僕が恋慕の感情を抱えたまま、そんなかけがえのない存在として話すこと。それは陸上なら白線を越えて失格になるのかもしれない。
 そんな嘘をついてでも、僕は鈴夏が思ってくれている、『大切な友達』という期待を裏切りたくなかった。
 自分の気持ちを胸の奥に押し込めてまでも。
「私の本気、存分に目に焼き付けてね」
 鈴夏が描いたのは、ひまわり畑だった。
 ひまわりが咲くのは切り立った崖の上。崖から遠く離れた向こう側には、潮騒の香りが漂ってきそうな夏の海が描かれている。
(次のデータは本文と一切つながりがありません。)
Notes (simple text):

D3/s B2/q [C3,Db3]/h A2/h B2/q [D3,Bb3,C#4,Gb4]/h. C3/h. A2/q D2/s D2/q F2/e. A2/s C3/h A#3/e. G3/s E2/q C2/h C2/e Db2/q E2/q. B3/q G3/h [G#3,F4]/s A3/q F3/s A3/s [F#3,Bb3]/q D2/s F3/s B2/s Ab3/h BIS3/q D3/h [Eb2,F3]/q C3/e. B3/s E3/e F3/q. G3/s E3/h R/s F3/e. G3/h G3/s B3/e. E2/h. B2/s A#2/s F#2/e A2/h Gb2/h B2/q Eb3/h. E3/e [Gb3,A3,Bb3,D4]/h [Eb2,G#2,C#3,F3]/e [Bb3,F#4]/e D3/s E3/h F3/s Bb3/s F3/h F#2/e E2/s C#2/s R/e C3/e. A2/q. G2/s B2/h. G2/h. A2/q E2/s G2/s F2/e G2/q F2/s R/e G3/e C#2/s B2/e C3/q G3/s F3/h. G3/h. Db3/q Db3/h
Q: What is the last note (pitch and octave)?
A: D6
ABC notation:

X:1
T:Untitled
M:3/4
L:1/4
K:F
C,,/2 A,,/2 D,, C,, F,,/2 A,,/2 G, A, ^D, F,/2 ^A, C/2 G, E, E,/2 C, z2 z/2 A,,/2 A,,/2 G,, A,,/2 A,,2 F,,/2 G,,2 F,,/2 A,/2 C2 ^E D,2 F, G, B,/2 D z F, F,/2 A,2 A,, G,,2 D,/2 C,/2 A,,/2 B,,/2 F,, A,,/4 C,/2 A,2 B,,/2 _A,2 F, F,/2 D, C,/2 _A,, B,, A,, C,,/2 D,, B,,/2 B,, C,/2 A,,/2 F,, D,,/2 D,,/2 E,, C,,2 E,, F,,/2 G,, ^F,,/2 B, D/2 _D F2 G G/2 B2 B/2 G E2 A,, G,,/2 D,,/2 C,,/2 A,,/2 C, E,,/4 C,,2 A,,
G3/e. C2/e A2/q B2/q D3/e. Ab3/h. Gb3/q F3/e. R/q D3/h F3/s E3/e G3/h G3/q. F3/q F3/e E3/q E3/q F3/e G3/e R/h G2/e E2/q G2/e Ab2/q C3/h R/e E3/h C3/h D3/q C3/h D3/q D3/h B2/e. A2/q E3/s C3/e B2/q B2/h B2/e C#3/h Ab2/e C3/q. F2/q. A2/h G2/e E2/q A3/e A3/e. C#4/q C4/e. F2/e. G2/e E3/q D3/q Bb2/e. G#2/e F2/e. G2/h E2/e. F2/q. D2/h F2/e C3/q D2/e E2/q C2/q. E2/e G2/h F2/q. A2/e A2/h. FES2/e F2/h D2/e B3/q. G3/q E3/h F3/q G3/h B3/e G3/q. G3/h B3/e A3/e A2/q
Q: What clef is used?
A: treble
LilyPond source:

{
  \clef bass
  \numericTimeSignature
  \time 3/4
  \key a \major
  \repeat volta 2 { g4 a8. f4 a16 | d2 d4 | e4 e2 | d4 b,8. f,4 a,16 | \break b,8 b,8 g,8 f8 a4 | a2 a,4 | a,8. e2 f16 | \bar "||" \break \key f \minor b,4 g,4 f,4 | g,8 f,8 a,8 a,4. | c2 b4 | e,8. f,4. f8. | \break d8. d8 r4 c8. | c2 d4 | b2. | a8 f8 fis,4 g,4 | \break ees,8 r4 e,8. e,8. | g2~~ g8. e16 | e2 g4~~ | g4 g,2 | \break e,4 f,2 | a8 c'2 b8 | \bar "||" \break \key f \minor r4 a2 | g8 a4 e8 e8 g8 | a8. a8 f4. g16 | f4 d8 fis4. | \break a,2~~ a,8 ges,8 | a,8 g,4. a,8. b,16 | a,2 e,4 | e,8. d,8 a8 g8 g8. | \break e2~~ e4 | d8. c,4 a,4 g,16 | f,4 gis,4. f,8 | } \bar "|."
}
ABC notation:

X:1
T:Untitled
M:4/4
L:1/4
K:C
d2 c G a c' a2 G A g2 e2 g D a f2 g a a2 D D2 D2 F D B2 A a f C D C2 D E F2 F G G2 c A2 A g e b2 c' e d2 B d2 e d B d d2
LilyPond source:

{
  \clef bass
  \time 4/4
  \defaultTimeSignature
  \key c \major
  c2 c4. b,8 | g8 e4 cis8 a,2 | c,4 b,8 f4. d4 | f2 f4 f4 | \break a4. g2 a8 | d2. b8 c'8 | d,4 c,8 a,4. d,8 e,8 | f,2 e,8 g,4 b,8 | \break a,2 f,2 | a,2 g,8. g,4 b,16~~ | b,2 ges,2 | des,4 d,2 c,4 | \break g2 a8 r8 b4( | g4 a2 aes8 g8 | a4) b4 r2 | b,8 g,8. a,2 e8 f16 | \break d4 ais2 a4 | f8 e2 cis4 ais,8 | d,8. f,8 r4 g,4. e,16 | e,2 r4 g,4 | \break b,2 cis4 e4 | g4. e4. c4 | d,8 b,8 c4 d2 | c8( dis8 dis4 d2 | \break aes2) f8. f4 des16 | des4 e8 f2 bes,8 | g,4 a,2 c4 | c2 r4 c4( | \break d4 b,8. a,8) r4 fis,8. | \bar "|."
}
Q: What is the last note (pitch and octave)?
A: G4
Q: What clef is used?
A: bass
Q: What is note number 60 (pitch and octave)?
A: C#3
 絵を見ながら、その下のプレートに書かれた最優秀賞の文字に、僕はつぶやく。
「やっぱり鈴夏さんはすごいよ。前にも取ってたんでしょ、最優秀賞」
「ありがと。前回は冬休み中だったから無かったのだけど、今回は先生が受賞のことをホームルームで言ってくれちゃって。やめてほしかったなぁ」
 鈴夏は一年の冬にも絵で賞を取っている。才色兼備さもこの次元までくると、クラスメイト達には嫌味や妬みすらなく、「鈴夏だからね」の一言で済まされるようになっていた。
 軽く愚痴ってから、思い出したように言う。
「あ、けど結人くんは公欠で知らなかったからね」
「ああ、ちょうど大会の日だったからかな」
 先々週、僕は個人種目で二日間、県大会におもむいていた。
「二日目は私も応援しに行ったんだけどさ。ちょうど学校が休みだったし」
「へぇ、言ってくれればよかったのに」
「うん、ちょっと運命的な出会いをしてたから、後ろめたくて言い出せなかった」
「え」
「結人くんの出番の前に、応援席でお話して。いやぁ、こういうことってあるんだね」
――運命の出会い、だって?
 鈴夏がすぐに両手を振る。
「違うよ、友達ができたの」
 友達? 鈴夏なら友達は簡単にできるはずだが。どうしてそんなに喜んでいるのだろう。
「ただの友達じゃないよ。『大切な友達』』
 鈴夏はご機嫌そうに、くるりとターンをして僕に向き直った。
「同い年なんだけど、私と同じシラコー好き仲間でさ。学校の友達じゃあ語れる人がいないから、同好の士が見つかって楽しかった」
「ああ、同じ趣味を持ってるのか、それは強いね」
「良いでしょう? しかもその子ね、一年の冬に賞を取ったとき、授賞式でも見かけてて。その時は声をかけそびれちゃったけど、私、好きな絵柄だったから覚えてた。逆に向こうは、私のファンになったかもしれないとも言ってくれた」
 その子、という言い方に、相手は女子であることが判明してホッとする。鈴夏は男子はそのまま「男子」と呼ぶし、間違いない。
 それから鈴夏はすこし間を置いてから言う。
「……『大切な友達』は一人じゃなくなったけど、これからもよろしくね?」
「うん、喜んで」
 答えた僕に、鈴夏はいたずらっぽく笑う。
「フフっ」
 鈴夏は口元に軽く手を当てると、深呼吸をして言った。